_RECORDS SUPPLIED:_
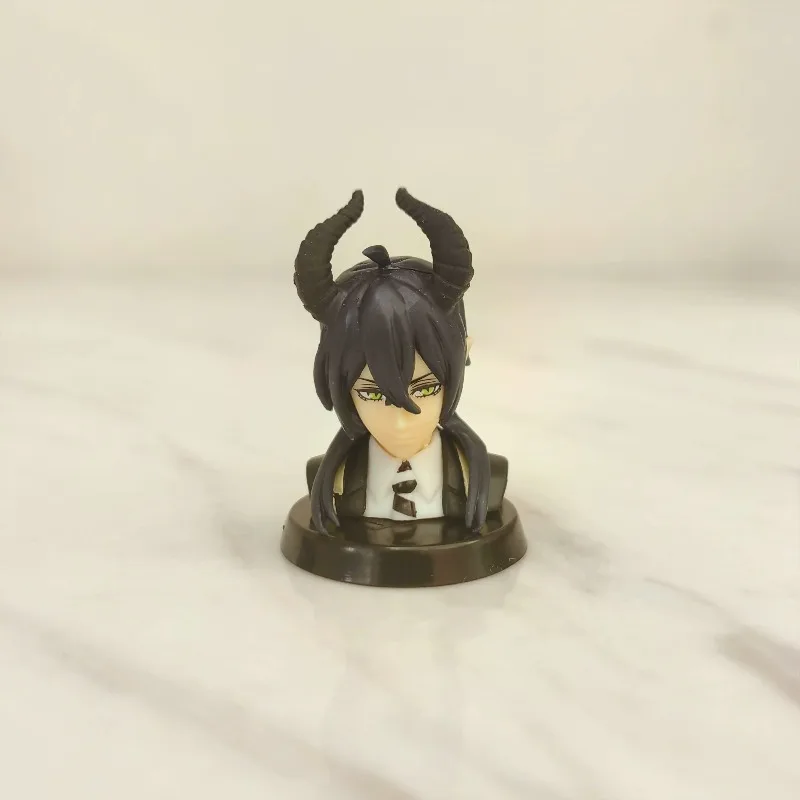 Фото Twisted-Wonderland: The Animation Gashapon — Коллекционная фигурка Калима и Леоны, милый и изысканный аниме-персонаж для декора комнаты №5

---

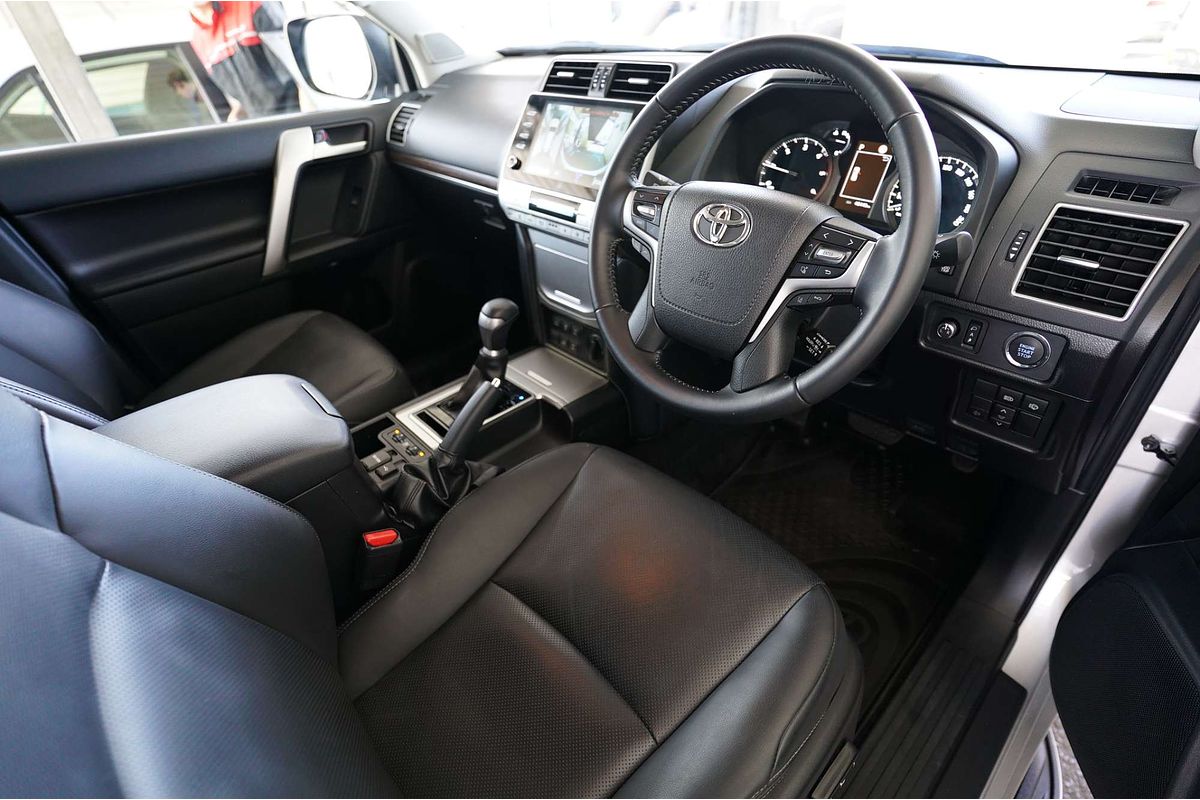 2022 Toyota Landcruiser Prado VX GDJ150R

==

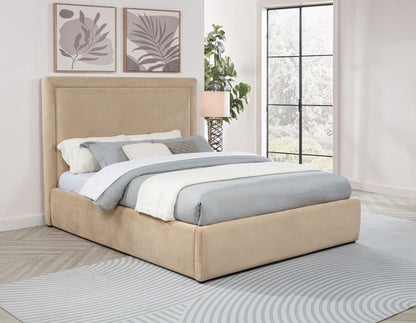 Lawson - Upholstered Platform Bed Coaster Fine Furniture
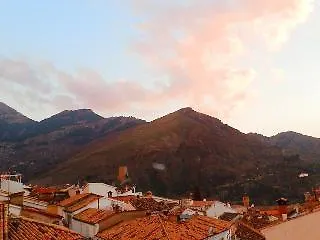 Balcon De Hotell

_WHAT YOU NEED TO DO:_
Within the listing above, copy exactly the lines that start at the one with "Lawson - Upholstered" and continue through the one with "Balcon De Hotell". Omit pictures.

_ANSWER BOX:_
 Lawson - Upholstered Platform Bed Coaster Fine Furniture
 Balcon De Hotell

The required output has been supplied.